**What this task involves**
Starting at the line below with "Let us state" and stopping at the line with "You can add", please print each line exactly, those two included, and skip every picture.

**Source data**

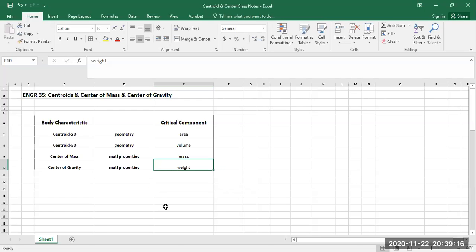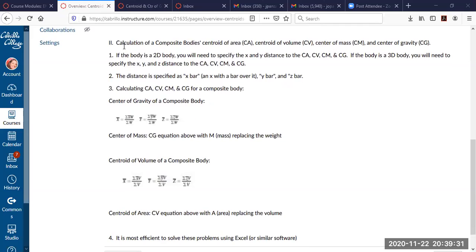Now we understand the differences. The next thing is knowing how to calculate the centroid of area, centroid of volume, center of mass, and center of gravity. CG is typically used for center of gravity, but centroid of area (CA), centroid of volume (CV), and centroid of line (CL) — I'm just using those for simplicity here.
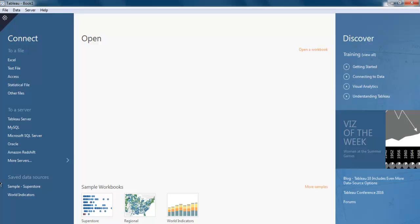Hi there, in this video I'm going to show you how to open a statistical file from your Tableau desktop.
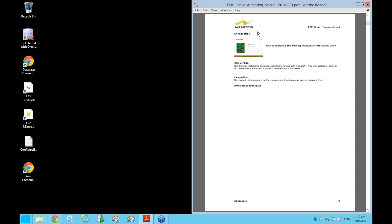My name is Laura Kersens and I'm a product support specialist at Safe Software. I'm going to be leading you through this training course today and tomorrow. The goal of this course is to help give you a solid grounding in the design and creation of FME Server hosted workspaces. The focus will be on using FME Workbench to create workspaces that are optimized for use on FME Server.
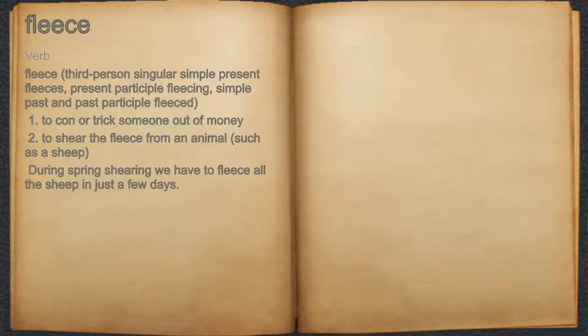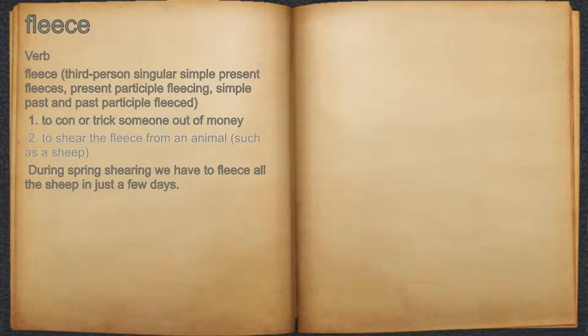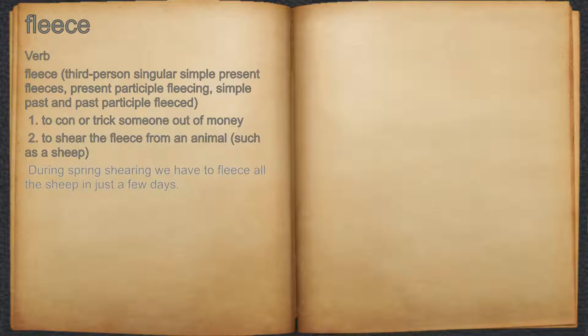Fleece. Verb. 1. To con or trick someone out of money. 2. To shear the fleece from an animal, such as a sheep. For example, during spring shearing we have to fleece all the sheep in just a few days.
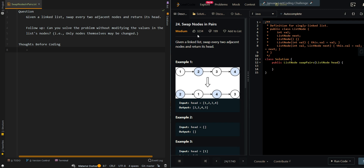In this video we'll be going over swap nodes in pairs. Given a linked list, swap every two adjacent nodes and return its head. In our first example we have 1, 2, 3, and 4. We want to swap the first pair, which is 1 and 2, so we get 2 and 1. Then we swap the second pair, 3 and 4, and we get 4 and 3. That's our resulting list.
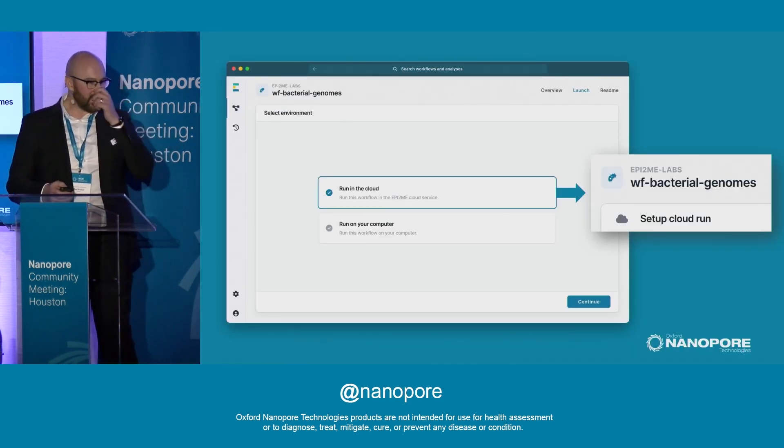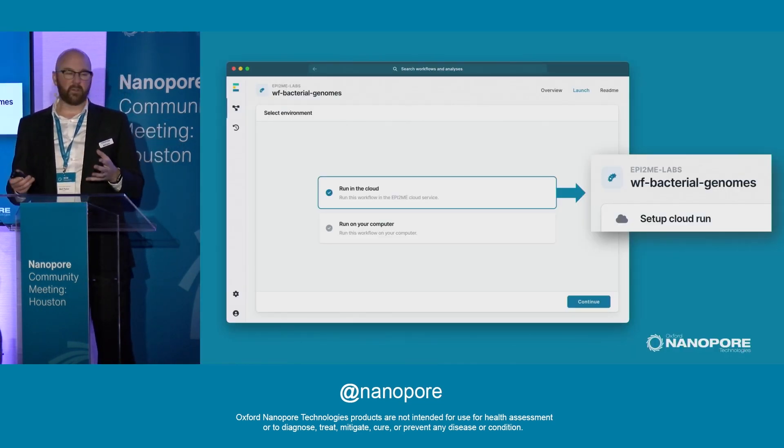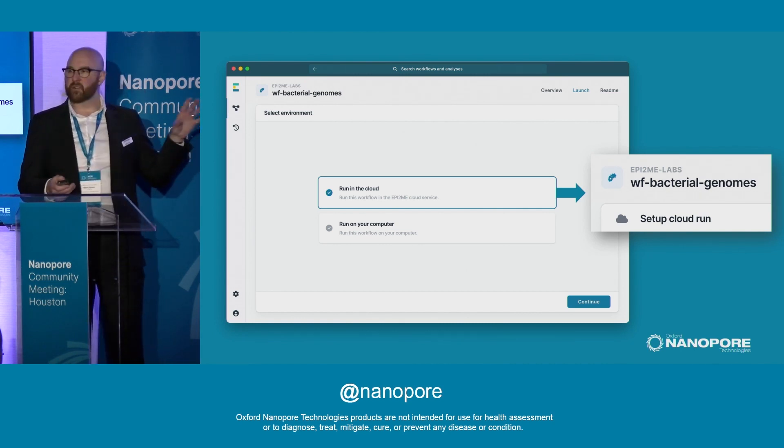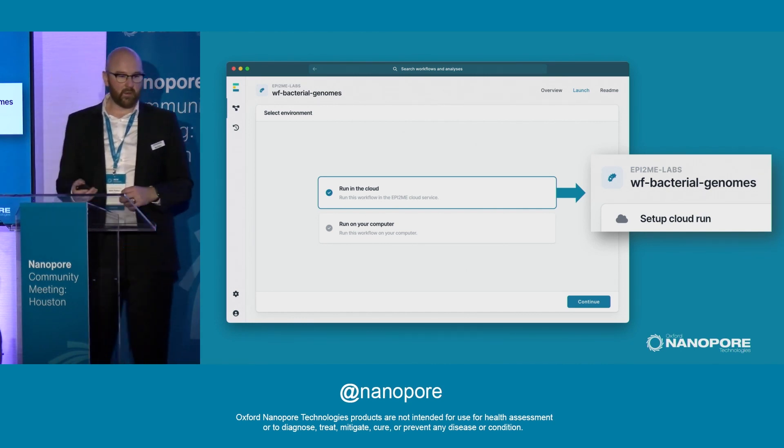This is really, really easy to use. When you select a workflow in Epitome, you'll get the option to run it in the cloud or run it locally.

* * *

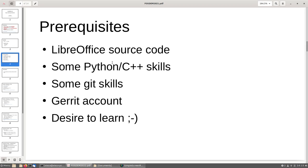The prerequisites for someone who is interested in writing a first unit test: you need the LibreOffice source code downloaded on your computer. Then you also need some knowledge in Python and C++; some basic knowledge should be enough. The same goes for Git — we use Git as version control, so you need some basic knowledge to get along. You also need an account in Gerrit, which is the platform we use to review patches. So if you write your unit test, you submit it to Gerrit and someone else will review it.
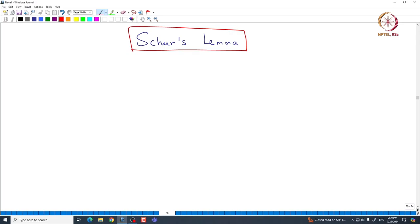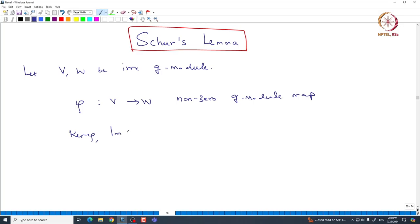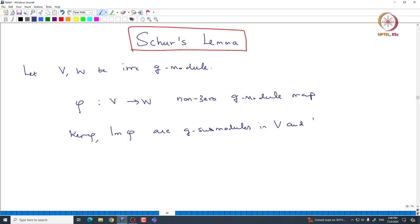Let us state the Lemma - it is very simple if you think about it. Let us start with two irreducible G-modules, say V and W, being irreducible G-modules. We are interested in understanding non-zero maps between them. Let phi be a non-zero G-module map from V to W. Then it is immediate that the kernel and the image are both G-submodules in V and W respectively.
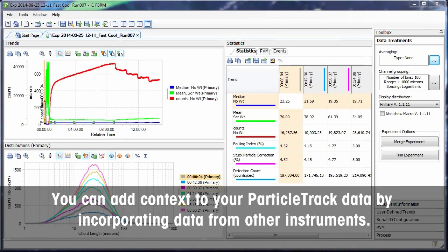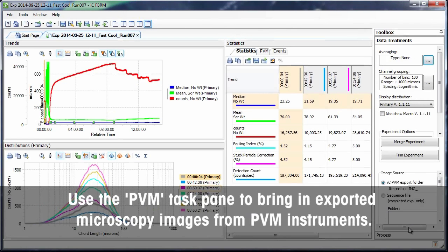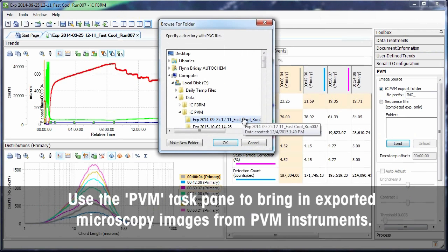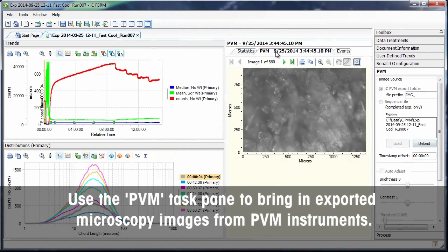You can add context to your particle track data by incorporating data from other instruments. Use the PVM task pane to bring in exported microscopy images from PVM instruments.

**Task answer**
Let us state the Lemma - it is very simple if you think about it. Let us start with two irreducible G-modules, say V and W, being irreducible G-modules. We are interested in understanding non-zero maps between them. Let phi be a non-zero G-module map from V to W. Then it is immediate that the kernel and the image are both G-submodules in V and W respectively.
You can add context to your particle track data by incorporating data from other instruments. Use the PVM task pane to bring in exported microscopy images from PVM instruments.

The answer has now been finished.